Task statement
In the entries that follow, repeat exactly the lines from the one that has "Additional image 14" through the one that has "Samsung Galaxy Tab", but omit pictures.

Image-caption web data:
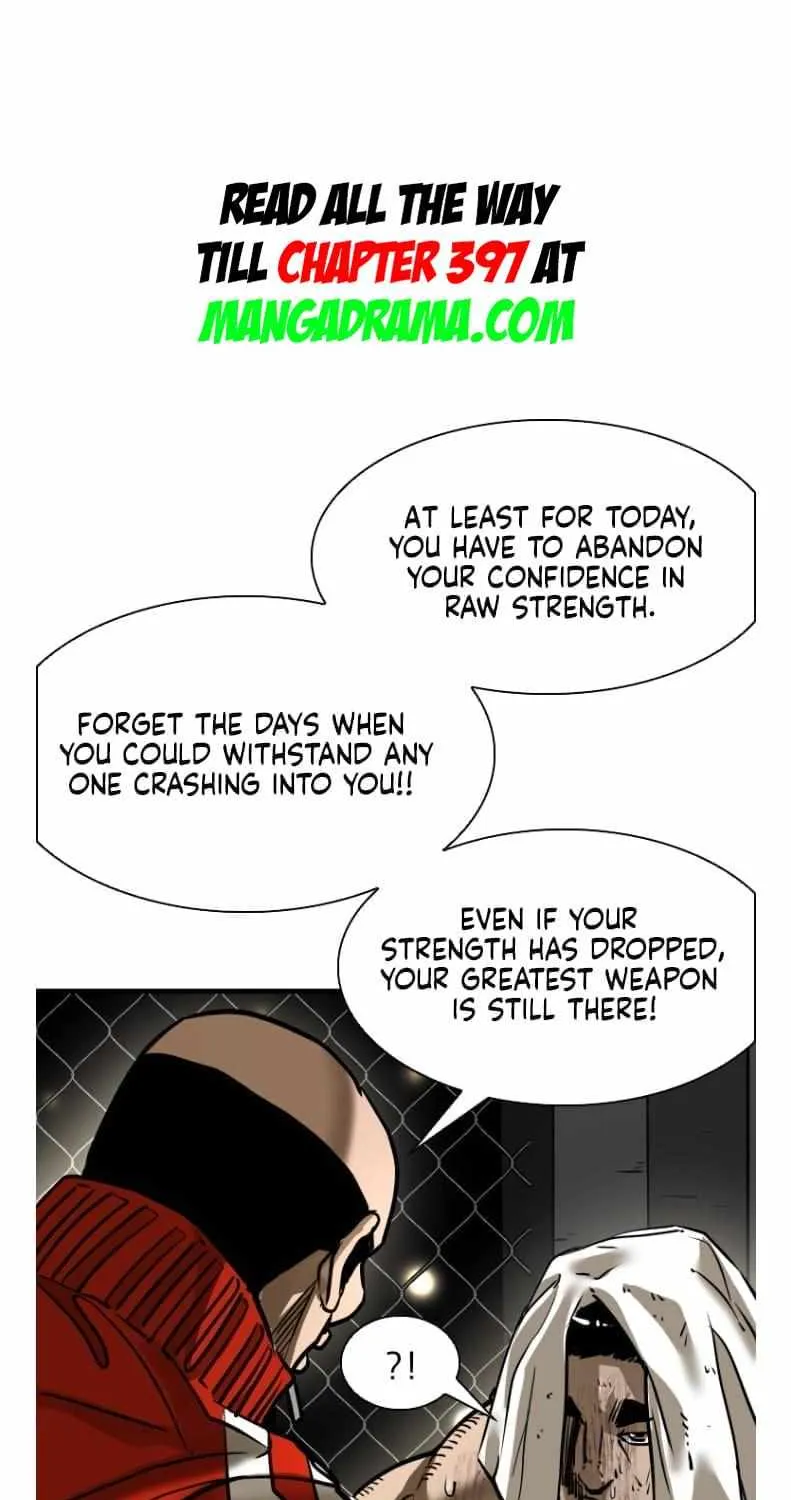 Chapter 313 — page 58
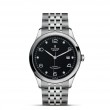 TUDOR 1926 Watch - M91650-0004 at William Barthman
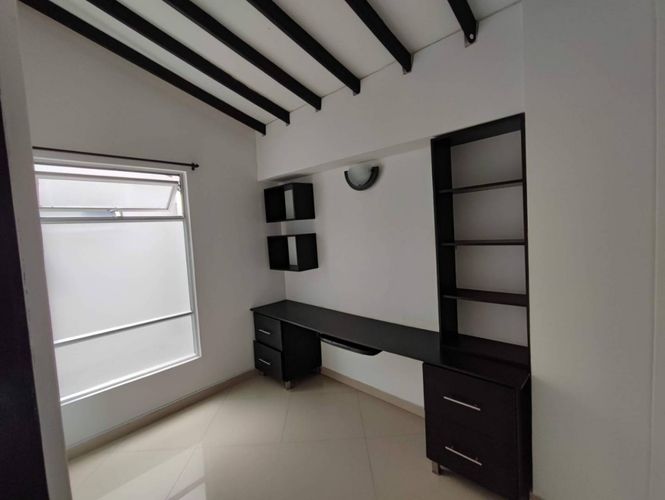 Apartamento de 3 alcobas en venta en Loma De La Doctora, Sabaneta, 85 m² · foto 19 de 24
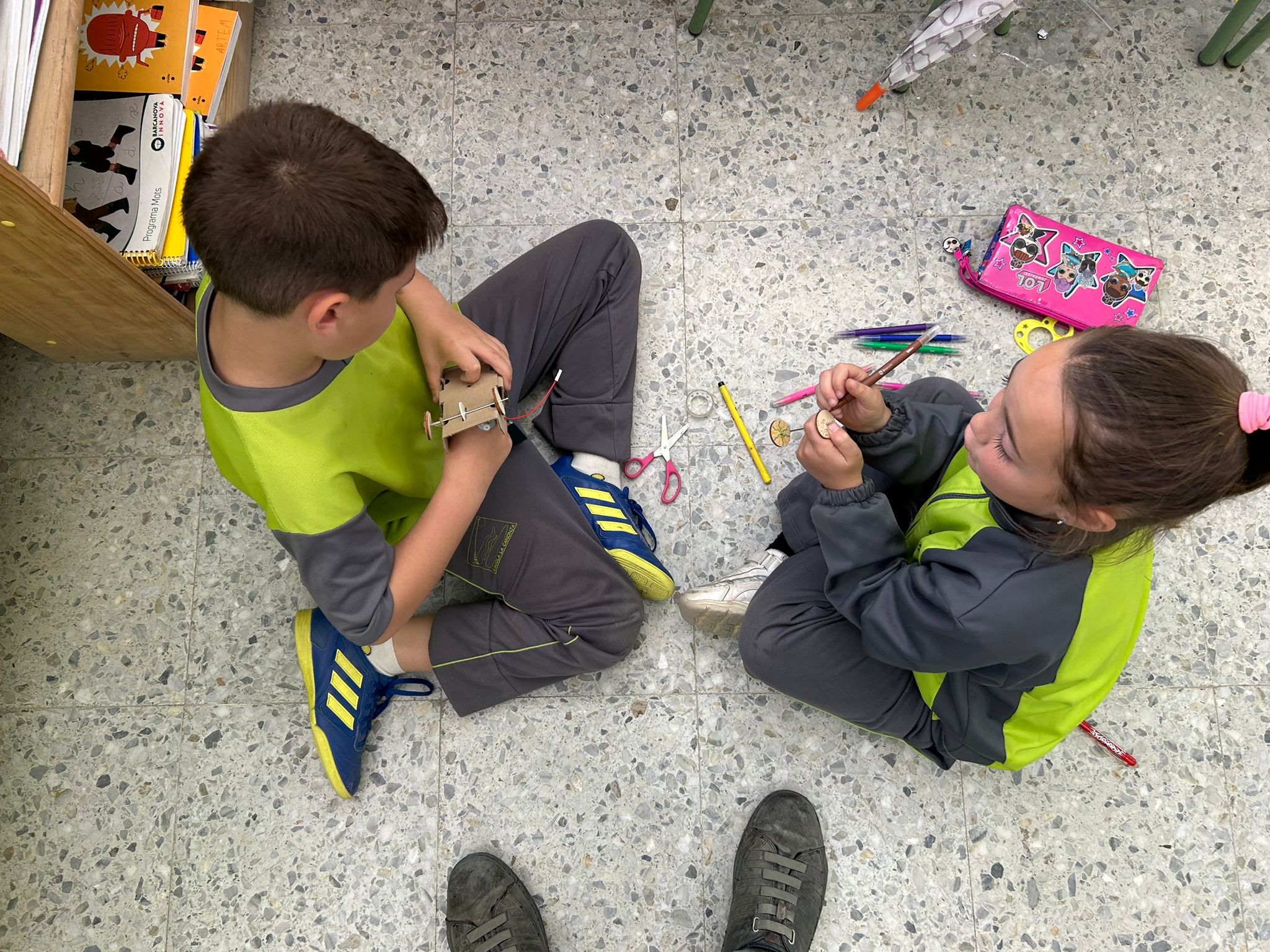 78f4de74-98c5-48f3-b1c0-cfcd0ca50c46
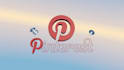 do pinterest marketing for you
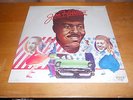 Joe Hinton SEALED R&B SOUL LP Duke-Pearson Remembers 1973 USA ISSUE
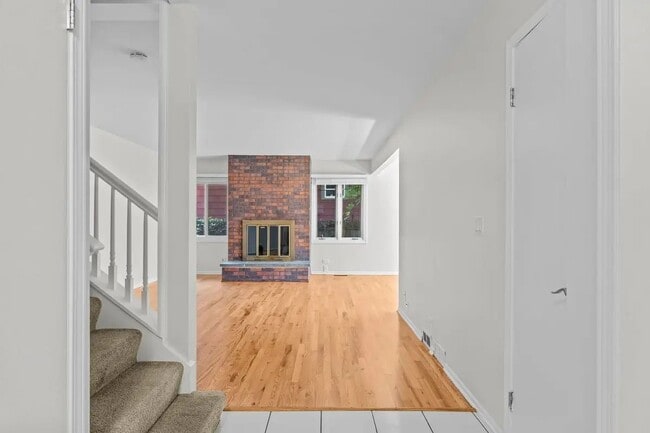 Photo - 2500 Green Bay Rd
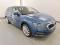 preview Skoda Octavia #1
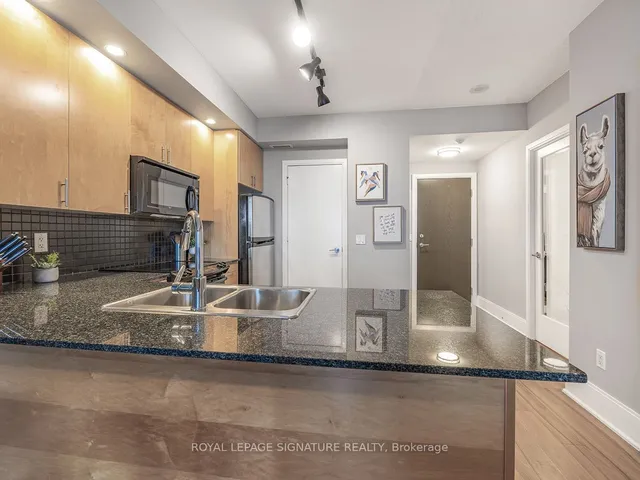 Additional image 14 of 181 Wynford Dr Unit 2408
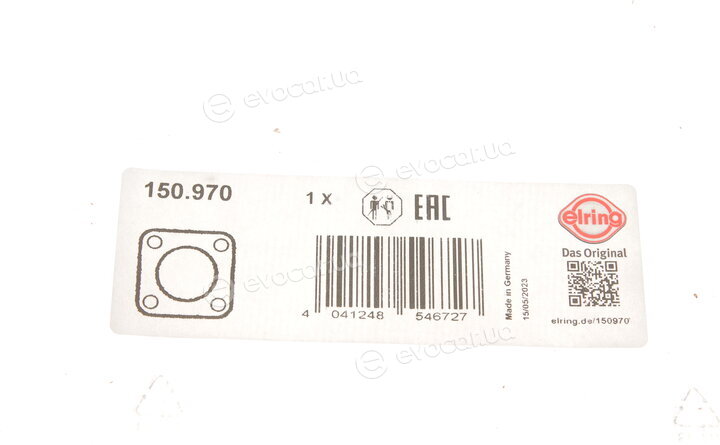 Elring 150.970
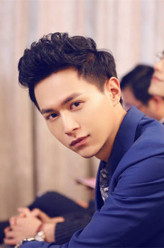 王晋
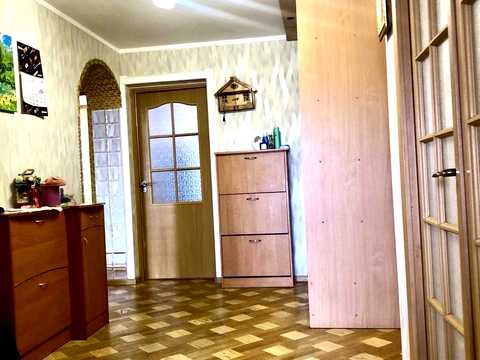 квартира за адресою савчинського, 2
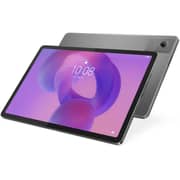 Lenovo Idea Tablet - WiFi 128GB 8GB RAM 11inch Luna Grey With Folio Keyboard + Pen - ZAFR0316AE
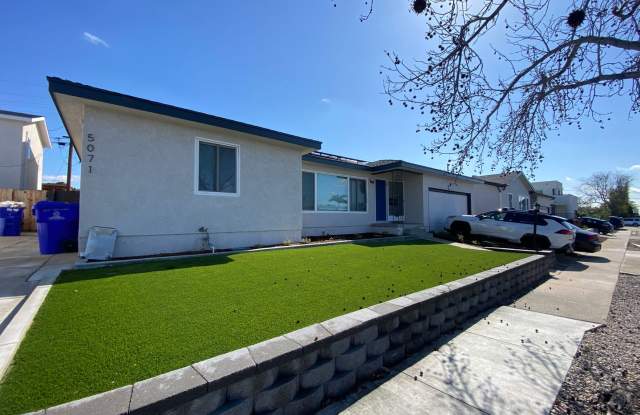 4BD/2 BA Close Walk to Campus Gallery 1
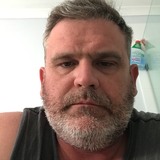 Davidmitchel54 from Tamworth | Man | 44 years old | Scorpio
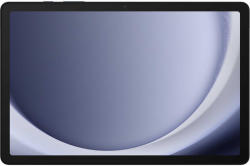 Samsung Galaxy Tab A9+ X210N 64GB SM-X210NDBA Tablete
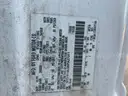 2006 Ford Ranger XL SuperCab 2WD Truck *Tow-Away* (ID# 41714) (FTL) (25-0481) 405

Exercise answer
 Additional image 14 of 181 Wynford Dr Unit 2408
 Elring 150.970
 王晋
 квартира за адресою савчинського, 2
 Lenovo Idea Tablet - WiFi 128GB 8GB RAM 11inch Luna Grey With Folio Keyboard + Pen - ZAFR0316AE
 4BD/2 BA Close Walk to Campus Gallery 1
 Davidmitchel54 from Tamworth | Man | 44 years old | Scorpio
 Samsung Galaxy Tab A9+ X210N 64GB SM-X210NDBA Tablete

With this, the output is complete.